If you have a reason to deviate, do so. If you don't have a reason to deviate, don't.

I'm just saying that applications and their expectations will differ, and it is unreasonable that they will all behave in the same way to the smallest detail. And that's just fine.

I feel that how different applications deal with backups and recovery is such a detail. Perhaps it makes sense to add a section with recommendations about this, but I can't expect everyone to follow them. An application may just start with a new seed after a time and tell the user to make a new backup. It may keep track of the necessary gap to do a scanning recovery, and warn the user when some maximal configured gap is exceeded. It may rely on a local fast-accessible indexed UTXO to search a huge amount of addresses. It may automatically backup the highest used indexes to dropbox. I don't think we know the best practices here, so I don't see a reason to fix them.

I don't want to specify how wallet software should work.

That's just complicating things for yourself, but yes, you can.

My purpose for BIP32 was indeed to make using many keys viable, and not needing frequent backup. That means backups must protect you against loss of coins. It doesn't mean it should be trivial to restore from  a backup, or to reduce your wallet to the blockchain.

When recovering from a backup, use some lookahead like 100 or 1000 keys when scanning (depending on the purpose). If a gap larger than the lookahead is used, I'm sure you'll notice transactions/money is missing after some date. Just retry with a larger lookahead and you're fine. Also note that a large lookahead is only necessary for external subaccounts (so not for change addresses, as you don't expect gaps there at all).

Alternatively, an automatic and low-privacy-risky backup with just the maximal indexes can be used as well, as like iddo suggests. I'm not sure that's necessary in practice though.

The reason I don't like putting a maximum index in the serialized form is because that doesn't tell you what to do when you run out of indices.

You're right. Even here, addition doesn't really change anything.

I was wrong about this, as the problem of key exposure doesn't really exist for public key derivation, where these operations are required. It doesn't hold for chaincodes either, as these aren't tweaked.

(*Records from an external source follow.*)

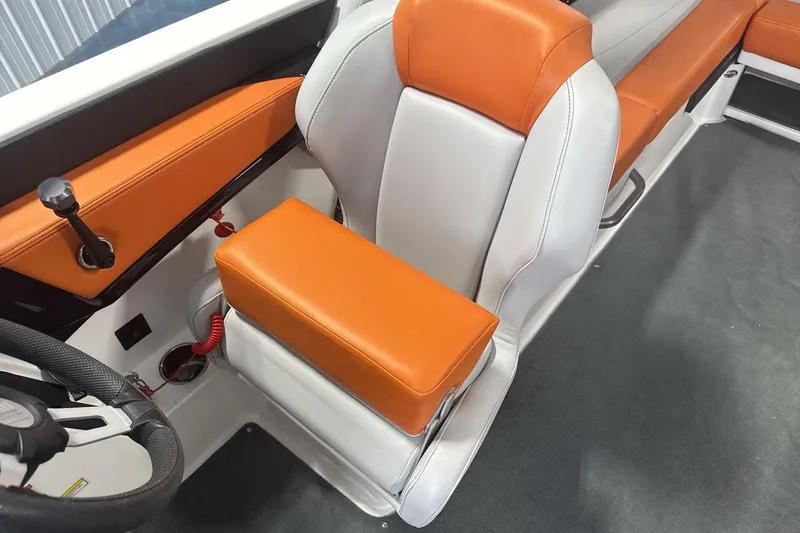 Slide: The Image of 2021 MasterCraft NXT24 boat interior with orange and white seating. - 13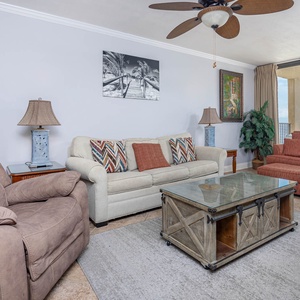The living area features a light-colored sofa with queen sleeper, a cozy armchair, and a glass-top coffee table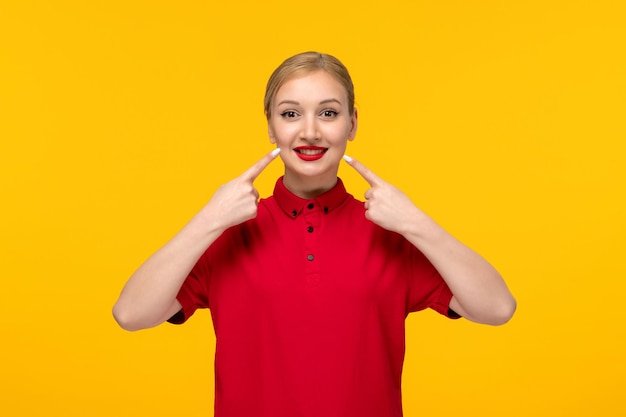 Garota feliz do dia da camisa vermelha apontando para a boca em uma camisa vermelha em um fundo amarelo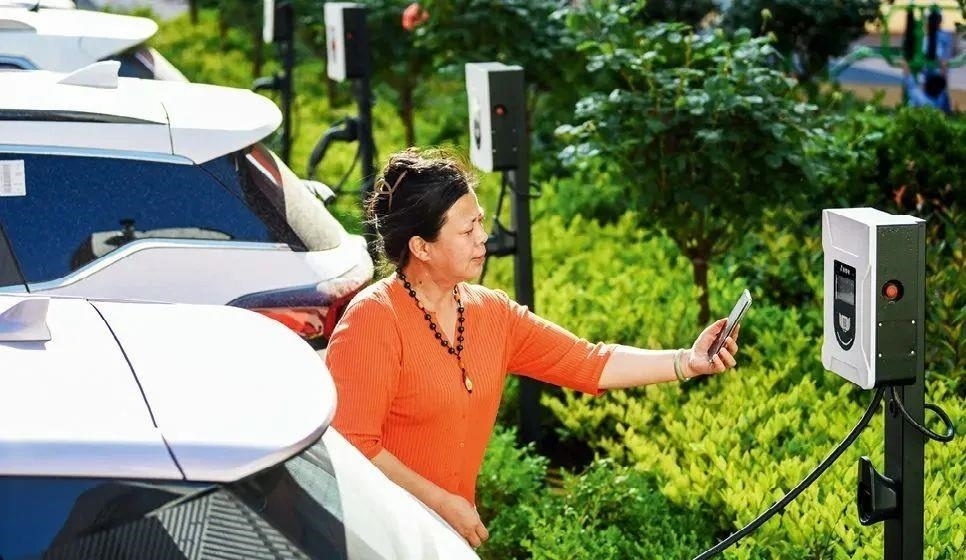 2023年5月24日，山東省膠州市新立街小區(qū)內(nèi)一位居民使用電動(dòng)汽車充電樁掃碼充電。該小區(qū)加裝各類智慧設(shè)備，打造“智慧社區(qū)”，為居民生活帶來便利。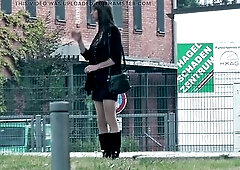 Crossdresser shemale in short petticoat and boots outside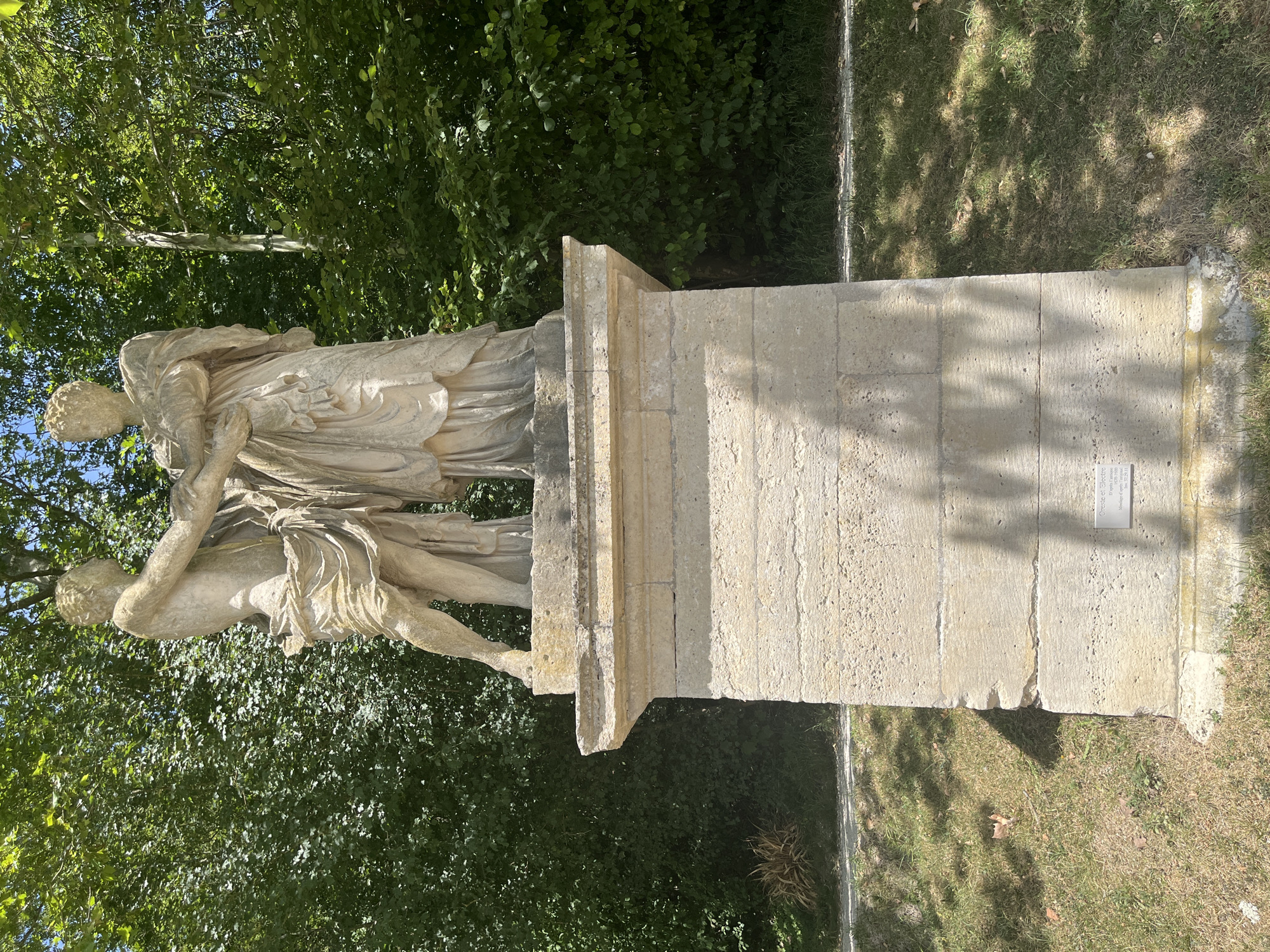 A stone statue of two figures, a male and a female, stands on a stone pedestal in a park. The male figure is to the left, depicted with a draped cloth around his waist and chest, reaching out his left arm towards the female figure. The female figure is to the right, wearing a draped garment and holding her arms towards the male figure. Both figures appear to be standing still. The pedestal is rectangular with a textured surface. Behind the statue, lush green trees form a dense backdrop. Sunlight casts shadows on the grass and the pedestal. A small plaque is affixed to the front of the pedestal. The statue is located in the Parc Frédéric Pic in Antony, France.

This makes me wonder whether it's still worth changing, though the implementation complexity argument still holds.

I don't think storing the maximal branching inside the serialized format is the right way to go. That doesn't mean wallets can't keep such information separately, but the problem is that you'll always hit more cases that aren't covered. Will you have separate limits of public and private derivation? Will you limit the number of levels below a node? The specific branching factors of all of these nodes? What if someone wants to use a non-standard more complex structure? Inherently, how the tree structure is used as a wallet, and how keys are picked in it, depends on implementation anyway.

For example, say you do this, and limit only at the direct level what the largest index of a subnode is. You're giving out addresses to pay to, a unique one for each invoice. Some are never paid, so you end up with gaps. At some point, you reach the maximal index. What now? Will you switch to a new account? Create an extra tree level? Tell the user to create a new backup? All those problems occur are exactly the same for the case where you didn't know the maximum index, but did have a maximal gap. When it gets exceeded, tell the user his gap is now larger and he needs a new backup.

I say this is all implementation specific, and doesn't belong in the serialization.

Can you specify what information your are assuming your attacker has? Does he know c_par and is just scanning all pubkeys he gets to see for a difference of c_par*G? Or how does his "detection" work?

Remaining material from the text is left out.